This is just supposition now, the puny thing with 4 hit points isn't going to just stand there and let you hit it even if it only has two brain cells to rub together.
I recently purchased DDO and share some of the authors opinion on the final product. I do have a fews problems with some of what is written though.
"It's a fact that the race most often played in a MMOG is 'human', and the unliving nature of the Warforged may make them an unpopular race."
Or it might have something to do with the fact that warforged are considered constructs and thus only healed for half the amount by clerical spells (unless they have a specific feat) and must be healed with a different set of spells (that most wizards don't bother with as they want to do damage). Such mechanics make the warforged a bit of a liability for some groups. I don't think thier humanity plays much of a role to informed players.

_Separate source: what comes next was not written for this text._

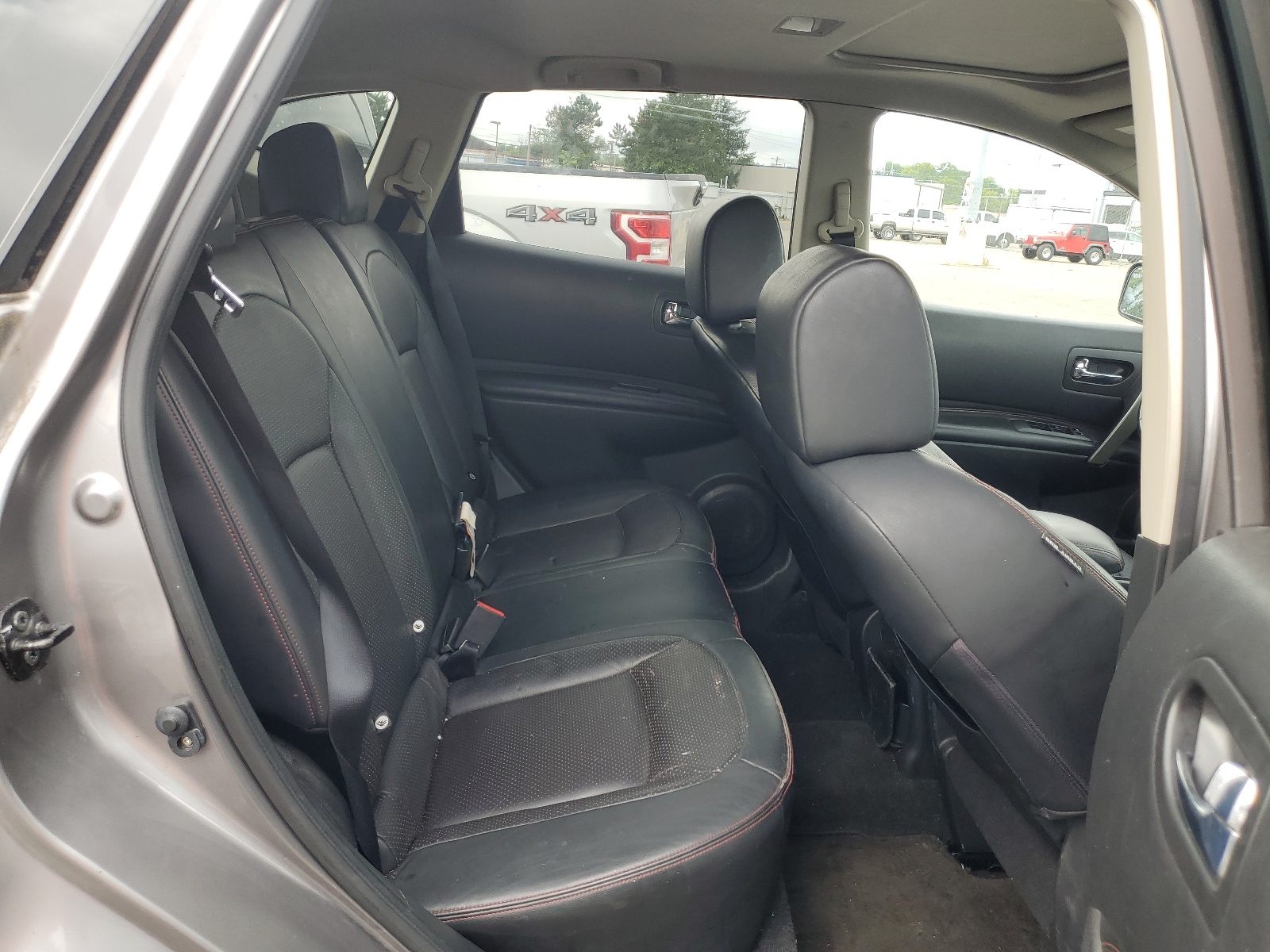 JN8AS5MV6BW268153 2011 Nissan Rogue S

"Instead of hitting fight and using abilities as they become available, or simply watching as your avatar filets a bunny, DDO is a click-fest worthy of either Diablo game."
This is somewhat misleading. While you *can* play click style, there is an auto-combat option as with nearly every other MMORPG. It is dissimilair to some in that most monsters don't much care for dying and so you have to make sure you stay within swinging distance.

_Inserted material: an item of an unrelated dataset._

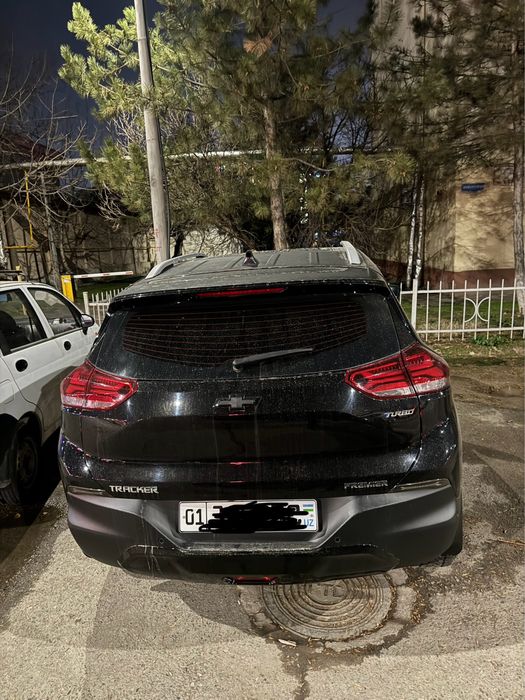 2023 Tracker premier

"D&D monsters aren't like the villains of Diablo; They jump around, move out of range, and generally do their best not to get killed. That means that in addition to repeatedly clicking on your opponent you're going to be trying to follow their movements. It's all too dang chaotic to be truly fun."
My group doesn't really run into these problems that much. Since the game includes collision detection, mobs can not just run through players. Thus if you pack fighters into a doorway with sheilds up, you don't have to worry about the mob running through. On the same note, if you surround a mob with well placed players, they have a very hard time getting away, something which I found woefully missing in most MMORPGs and was quite happy to see appear in DDO.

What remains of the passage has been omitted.